• _Problem to solve_: Give every line of the material back exactly, images removed.

Start of Block

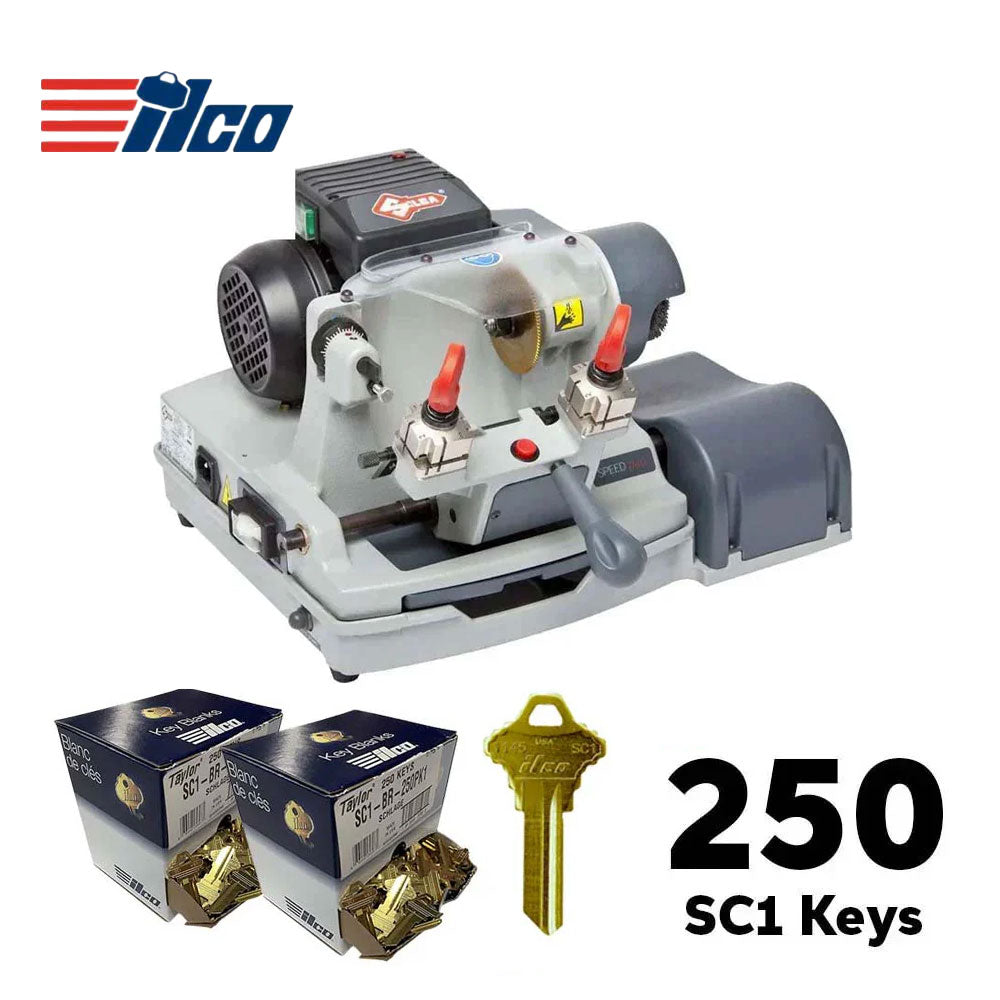 ILCO Speed 040 Automatic and Manual Key Duplicator Machine with 2 Packs of FREE 250 SC1 Key Blanks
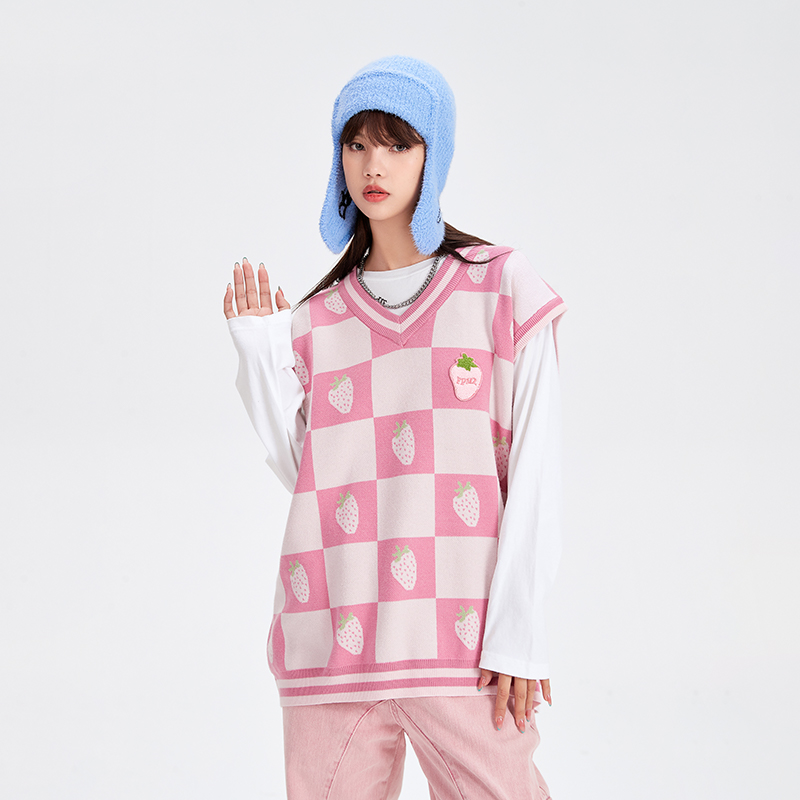 【FPMZ官方店铺】草莓格子毛巾绣刺绣马甲针织衫毛衣男女情侣外穿
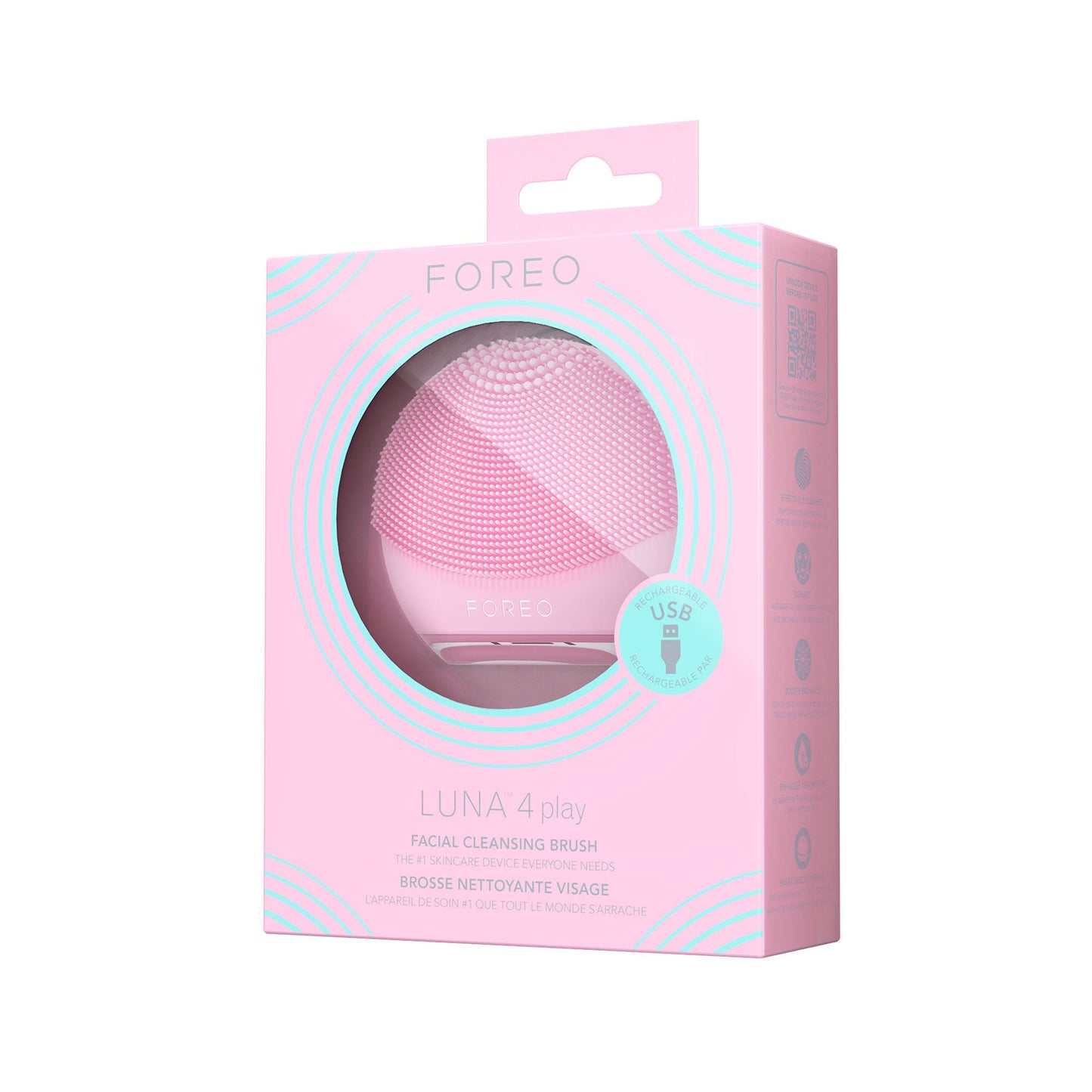 LUNA 4 Play Facial Cleansing Brush Silicone Tickle Me Pink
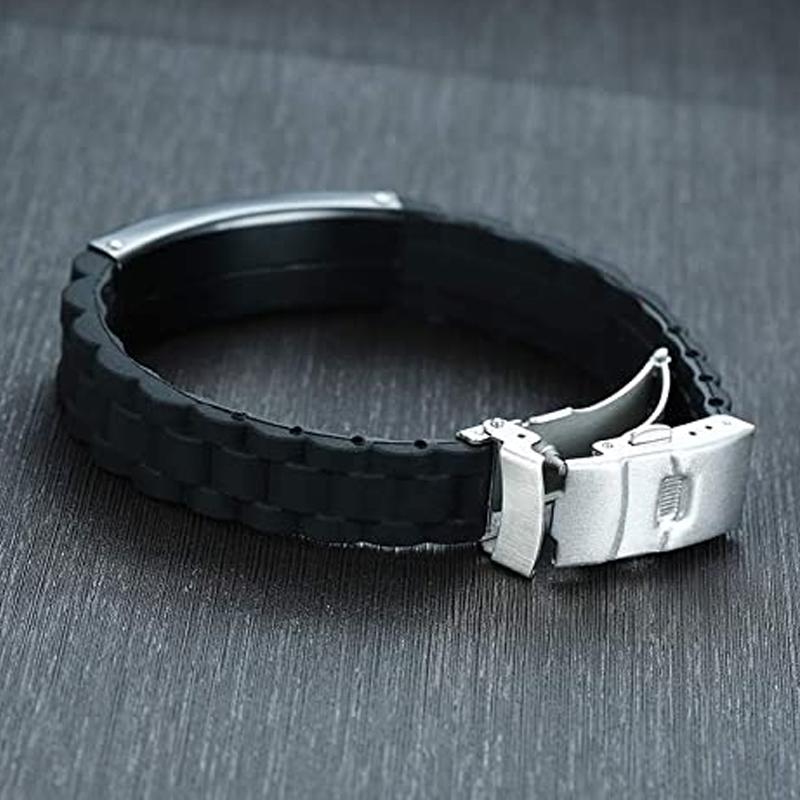Silicone bracelet with stainless steel plate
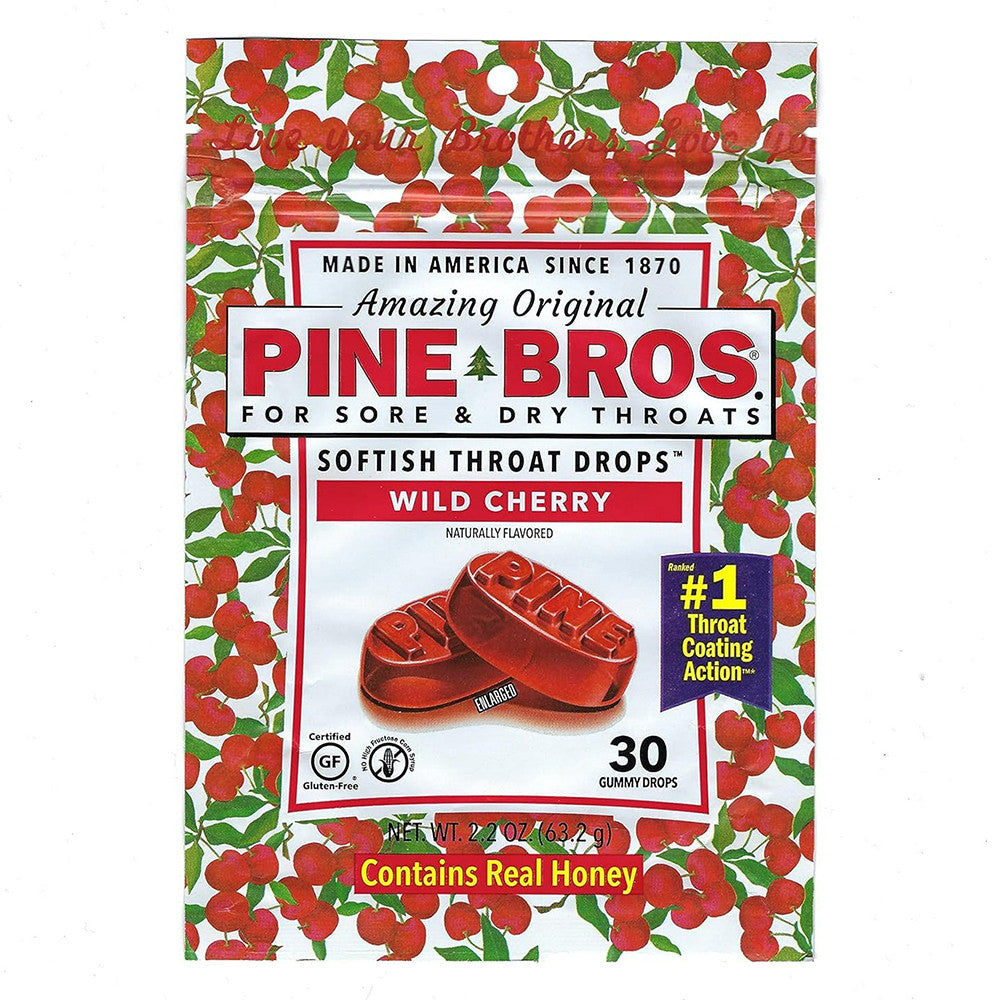 Pine Bros for Sore Throat Softish Drops, Wild Cherry Flavor, 30 Ea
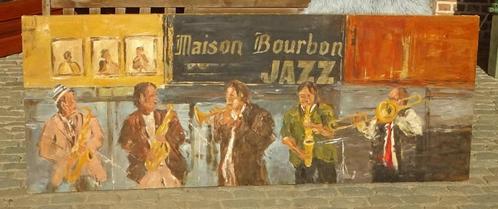leuk frans schilderij jazz café, Antiek en Kunst, Curiosa en Brocante, Ophalen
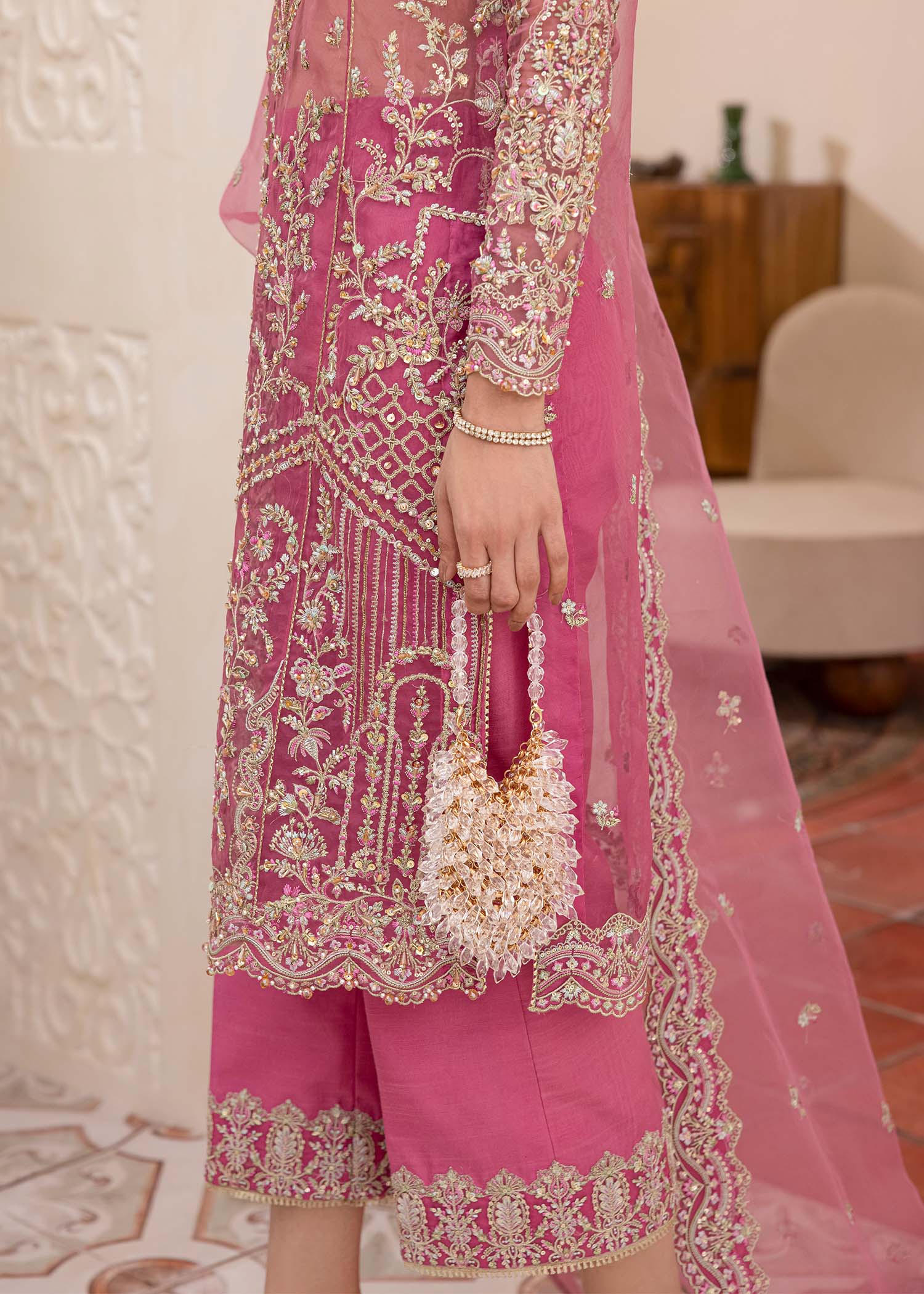 Kanwal Malik Mauve shirt with trouser for Luxury Wedding wear - Pakistani Designer Wear for Women in UK | Kifat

End of Block

• _Task output_:
 ILCO Speed 040 Automatic and Manual Key Duplicator Machine with 2 Packs of FREE 250 SC1 Key Blanks
 【FPMZ官方店铺】草莓格子毛巾绣刺绣马甲针织衫毛衣男女情侣外穿
 LUNA 4 Play Facial Cleansing Brush Silicone Tickle Me Pink
Silicone bracelet with stainless steel plate
 Pine Bros for Sore Throat Softish Drops, Wild Cherry Flavor, 30 Ea
leuk frans schilderij jazz café, Antiek en Kunst, Curiosa en Brocante, Ophalen
 Kanwal Malik Mauve shirt with trouser for Luxury Wedding wear - Pakistani Designer Wear for Women in UK | Kifat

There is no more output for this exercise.